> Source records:

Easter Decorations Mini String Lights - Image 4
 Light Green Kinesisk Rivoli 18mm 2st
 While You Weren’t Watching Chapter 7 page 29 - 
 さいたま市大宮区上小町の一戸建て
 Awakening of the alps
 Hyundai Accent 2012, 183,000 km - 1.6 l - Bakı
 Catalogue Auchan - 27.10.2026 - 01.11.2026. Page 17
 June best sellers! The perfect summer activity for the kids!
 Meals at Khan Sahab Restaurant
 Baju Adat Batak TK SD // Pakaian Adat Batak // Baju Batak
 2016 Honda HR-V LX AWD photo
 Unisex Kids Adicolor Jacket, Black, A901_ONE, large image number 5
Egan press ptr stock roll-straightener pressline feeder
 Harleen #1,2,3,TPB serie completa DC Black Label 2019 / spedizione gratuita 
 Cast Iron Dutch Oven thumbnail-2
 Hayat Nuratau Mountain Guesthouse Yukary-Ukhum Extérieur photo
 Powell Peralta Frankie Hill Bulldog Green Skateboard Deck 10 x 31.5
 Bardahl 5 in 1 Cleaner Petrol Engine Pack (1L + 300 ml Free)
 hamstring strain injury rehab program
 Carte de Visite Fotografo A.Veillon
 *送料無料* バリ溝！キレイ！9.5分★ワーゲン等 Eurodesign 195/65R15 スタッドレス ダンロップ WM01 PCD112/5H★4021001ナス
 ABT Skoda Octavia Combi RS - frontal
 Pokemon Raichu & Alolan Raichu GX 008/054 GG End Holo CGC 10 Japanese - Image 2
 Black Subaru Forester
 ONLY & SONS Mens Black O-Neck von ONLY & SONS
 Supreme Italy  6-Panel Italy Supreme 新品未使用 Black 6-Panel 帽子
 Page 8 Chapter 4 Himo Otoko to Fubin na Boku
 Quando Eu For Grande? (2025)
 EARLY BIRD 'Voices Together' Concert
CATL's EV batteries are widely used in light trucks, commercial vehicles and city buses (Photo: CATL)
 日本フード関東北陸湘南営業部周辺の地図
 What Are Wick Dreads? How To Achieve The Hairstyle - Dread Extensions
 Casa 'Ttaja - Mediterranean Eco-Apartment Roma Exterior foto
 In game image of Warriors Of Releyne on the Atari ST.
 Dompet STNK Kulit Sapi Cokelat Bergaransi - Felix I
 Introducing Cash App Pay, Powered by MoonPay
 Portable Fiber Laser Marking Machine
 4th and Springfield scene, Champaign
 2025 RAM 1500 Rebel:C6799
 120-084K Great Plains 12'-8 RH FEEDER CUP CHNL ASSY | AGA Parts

> Your assignment: All lines from the beginning of the entries through the line marked "What Are Wick" are to be output exactly; nothing else belongs in the answer.

> Final answer:
Easter Decorations Mini String Lights - Image 4
 Light Green Kinesisk Rivoli 18mm 2st
 While You Weren’t Watching Chapter 7 page 29 - 
 さいたま市大宮区上小町の一戸建て
 Awakening of the alps
 Hyundai Accent 2012, 183,000 km - 1.6 l - Bakı
 Catalogue Auchan - 27.10.2026 - 01.11.2026. Page 17
 June best sellers! The perfect summer activity for the kids!
 Meals at Khan Sahab Restaurant
 Baju Adat Batak TK SD // Pakaian Adat Batak // Baju Batak
 2016 Honda HR-V LX AWD photo
 Unisex Kids Adicolor Jacket, Black, A901_ONE, large image number 5
Egan press ptr stock roll-straightener pressline feeder
 Harleen #1,2,3,TPB serie completa DC Black Label 2019 / spedizione gratuita 
 Cast Iron Dutch Oven thumbnail-2
 Hayat Nuratau Mountain Guesthouse Yukary-Ukhum Extérieur photo
 Powell Peralta Frankie Hill Bulldog Green Skateboard Deck 10 x 31.5
 Bardahl 5 in 1 Cleaner Petrol Engine Pack (1L + 300 ml Free)
 hamstring strain injury rehab program
 Carte de Visite Fotografo A.Veillon
 *送料無料* バリ溝！キレイ！9.5分★ワーゲン等 Eurodesign 195/65R15 スタッドレス ダンロップ WM01 PCD112/5H★4021001ナス
 ABT Skoda Octavia Combi RS - frontal
 Pokemon Raichu & Alolan Raichu GX 008/054 GG End Holo CGC 10 Japanese - Image 2
 Black Subaru Forester
 ONLY & SONS Mens Black O-Neck von ONLY & SONS
 Supreme Italy  6-Panel Italy Supreme 新品未使用 Black 6-Panel 帽子
 Page 8 Chapter 4 Himo Otoko to Fubin na Boku
 Quando Eu For Grande? (2025)
 EARLY BIRD 'Voices Together' Concert
CATL's EV batteries are widely used in light trucks, commercial vehicles and city buses (Photo: CATL)
 日本フード関東北陸湘南営業部周辺の地図
 What Are Wick Dreads? How To Achieve The Hairstyle - Dread Extensions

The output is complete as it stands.